# php dns not working (gethostbyname)

## nautical9

Got a PHP DNS-related problem that I can't figure out:

For some reason, my Apache 2.0.52 / PHP 5.0.3 install doesn't want to let me do DNS lookups in the php code, at least not in the traditional way, but it's also not giving me any hints whatsoever in the log files.  It just fails (very quickly).

But here's the kicker: some of the newer DNS functions are working (and of course, DNS is working everywhere else on the machine).

Here's a quick breakdown:curl_exec - always returns "Couldn't resolve host"

gethostbyname ('bugs.php.net') - always returns the hostname I pass to it (meaning it's failed according to the docs).But these work:checkdnsrr ('bugs.php.net') - returns 1 (true - meaning it found a record).

dns_get_record('bugs.php.net',DNS_ANY) - returns an array with all the proper DNS info.
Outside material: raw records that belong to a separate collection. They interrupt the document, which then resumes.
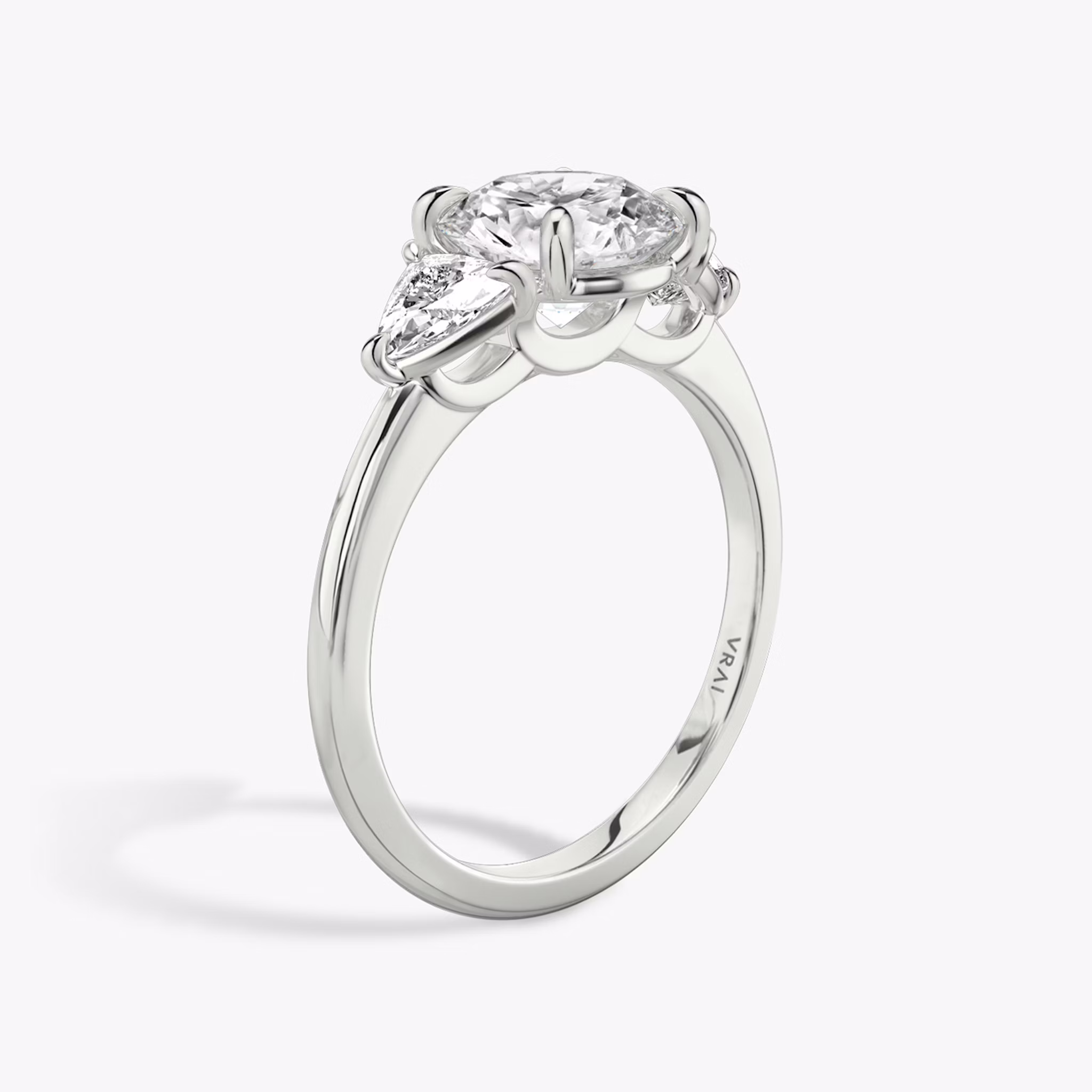 The Three Stone | Round Brilliant | Platinum | bandAccent: Plain | caratWeight: other | sideStoneCarat: 0.25ct | sideStoneShape: Trillion | diamondOrientation: vertical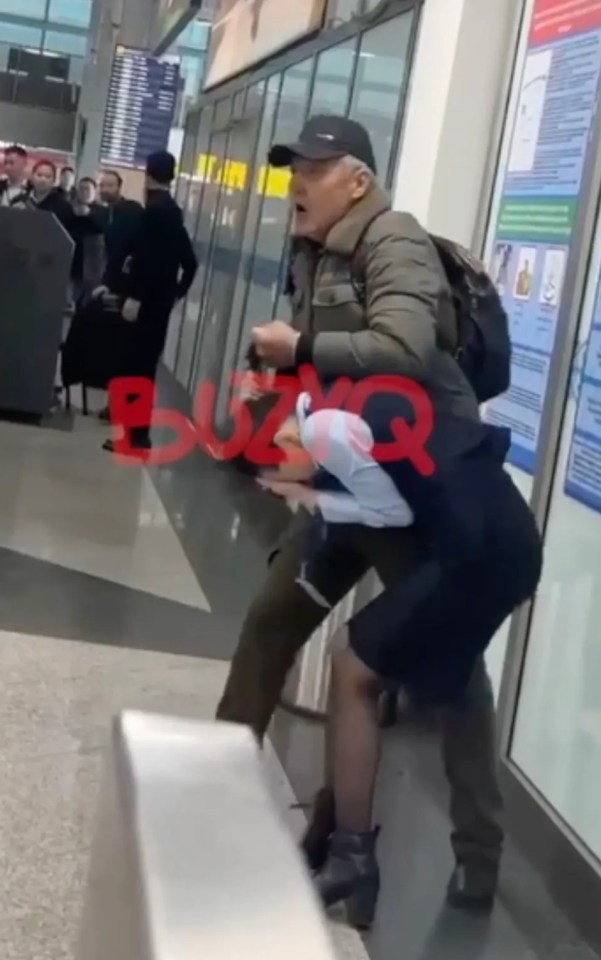 A man holding a security officer hostage at an airport.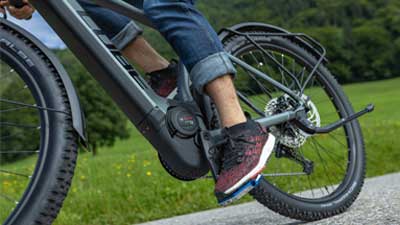 Abgebildet ist eine Nahaufnahme eines grauen Cube Reaction Hybrid Allroad Bikes. Genauer betrachtet wird das Tretlager, sowie der Motorblock des E-Bikes während der Fahrt.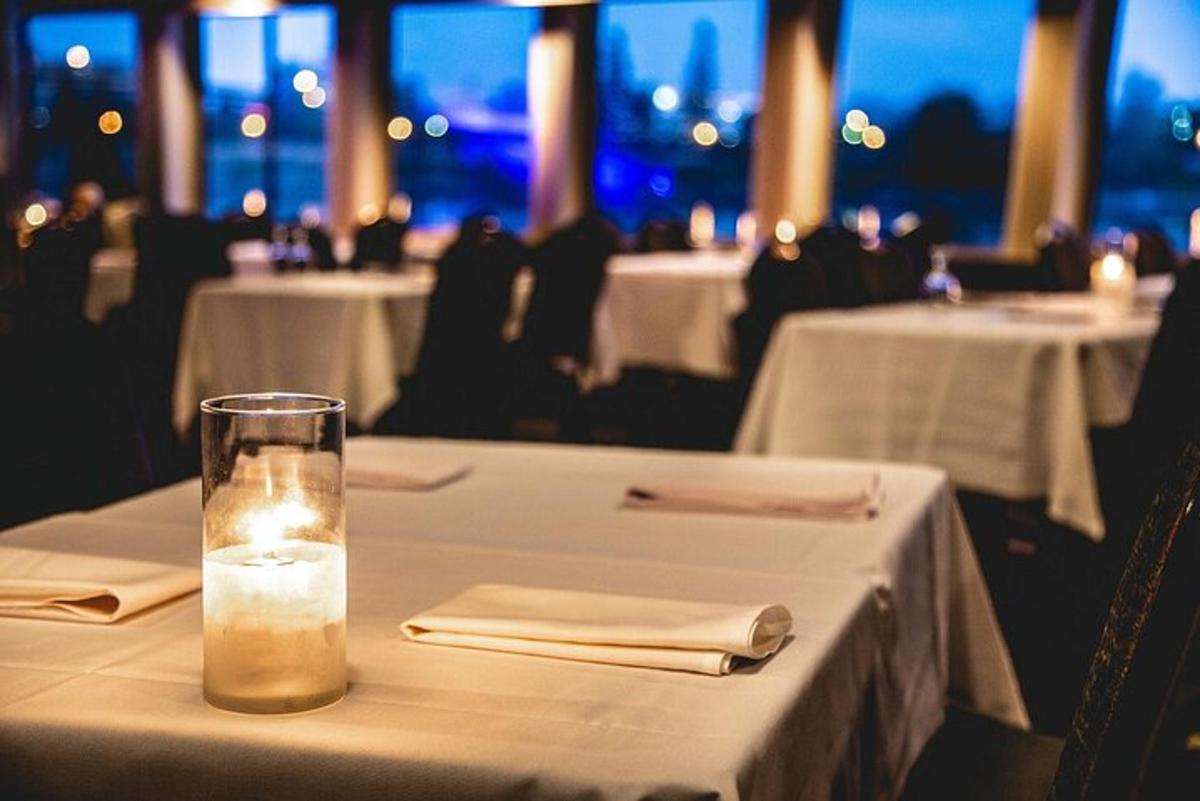 a candle in a glass on a table in a restaurant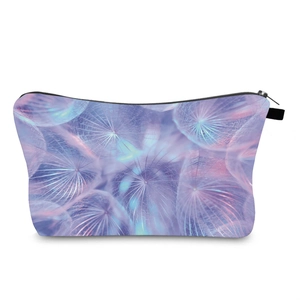 Detail of water-resistant cosmetic bag with purple dandelion digital print and black zipper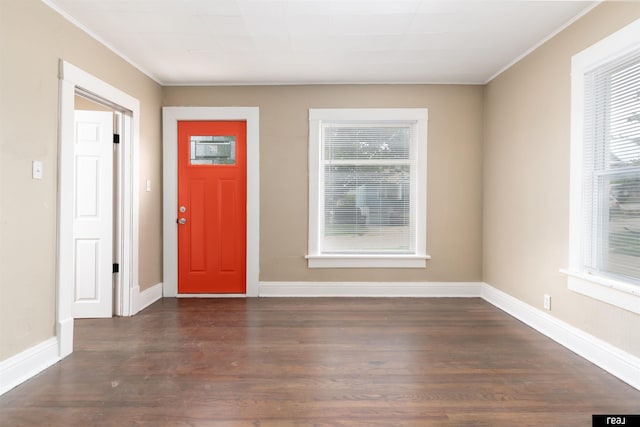 6935 Binney St, Omaha, NE 68104 - foyer entrance with wood finished floors, baseboards, and ornamental molding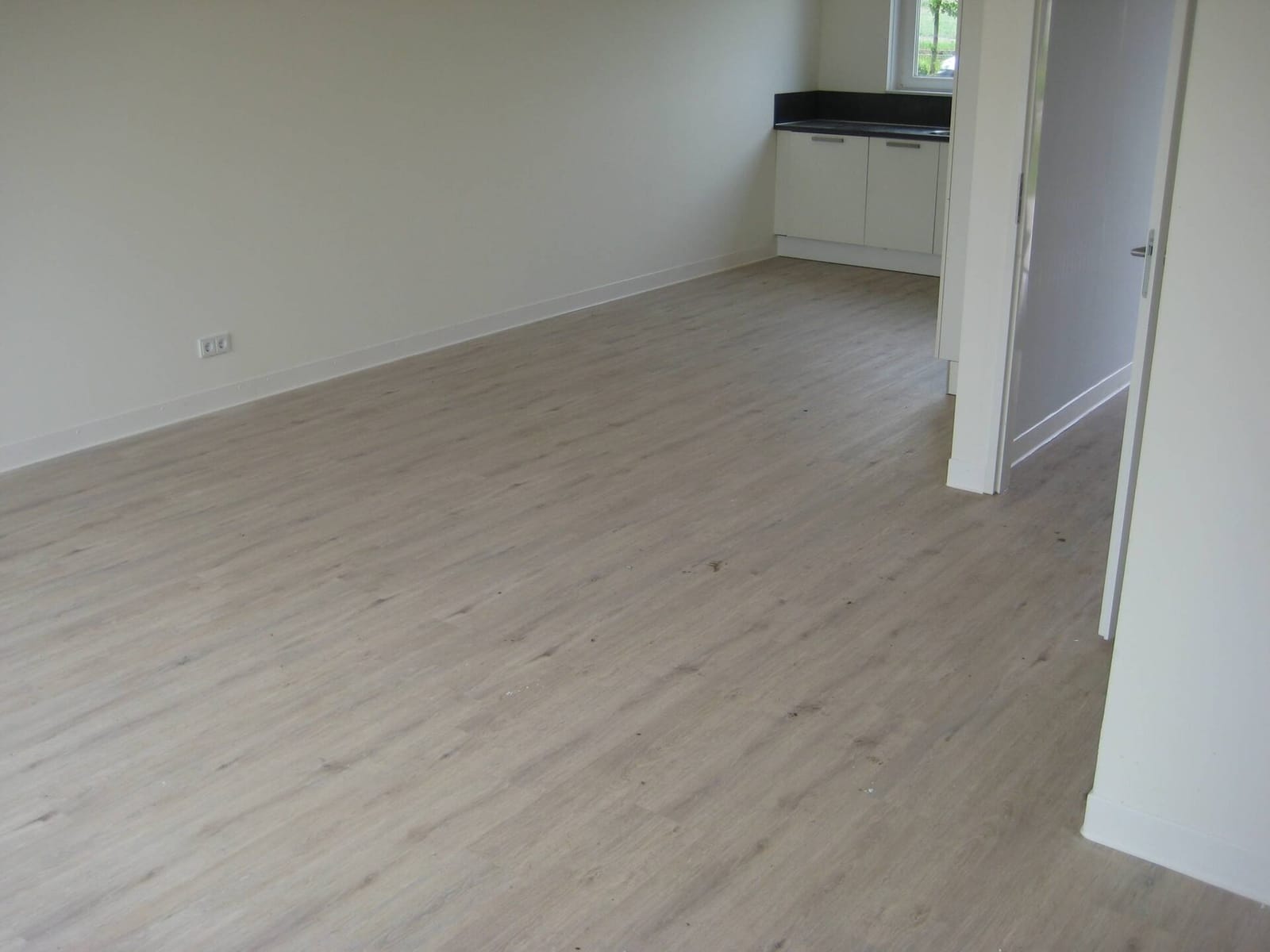 Lege nieuwbouwwoning met een lichte houtlook PVC-vloer en witte plinten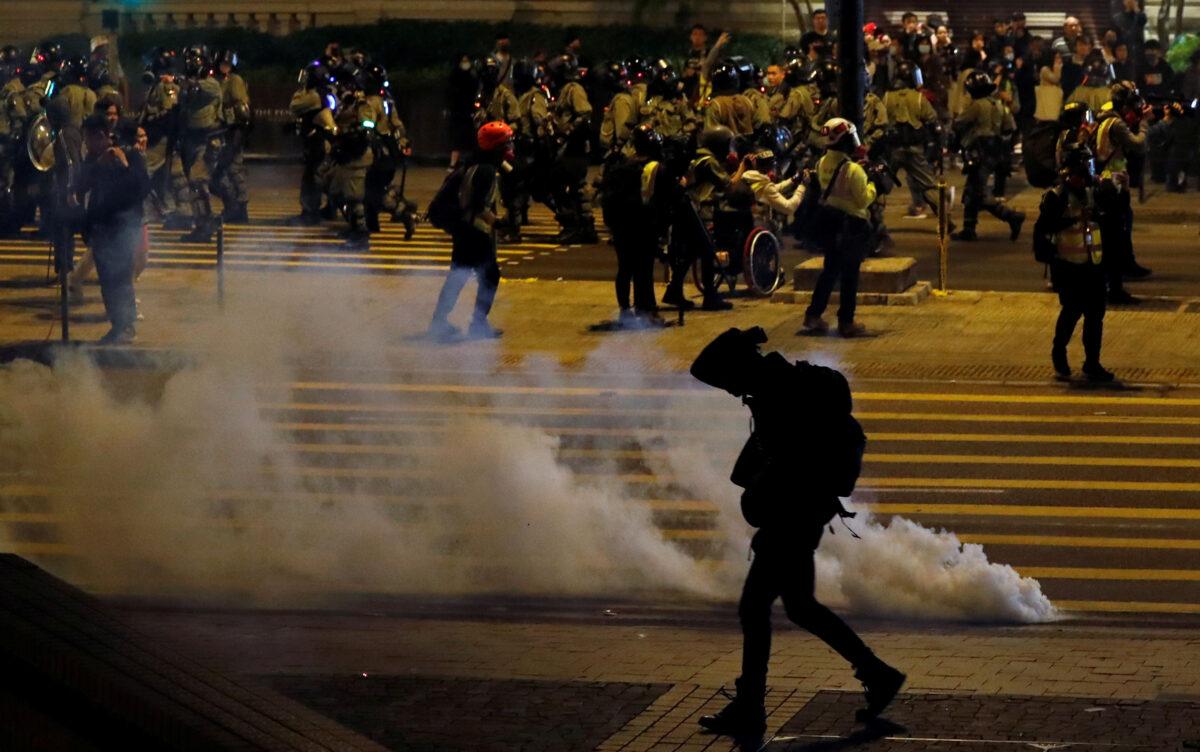 An anti-government demonstrator walks past tear gas on Christmas Eve in Hong Kong, China, Dec. 24, 2019. (Tyrone Siu/Reuters)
I really need to use the "curl" library for grabbing some HTTPS pages remotely, or else I'd just use the newer DNS functions.  But every hostname I try to fetch with the curl libraries fails (but 'curl' on the command line works fine).  I could probably work around it with a nasty "exec" call to "curl", but I'd really rather avoid that.

I've also spent over an hour trying to track down others who have had this problem elsewhere on the Net, to no avail.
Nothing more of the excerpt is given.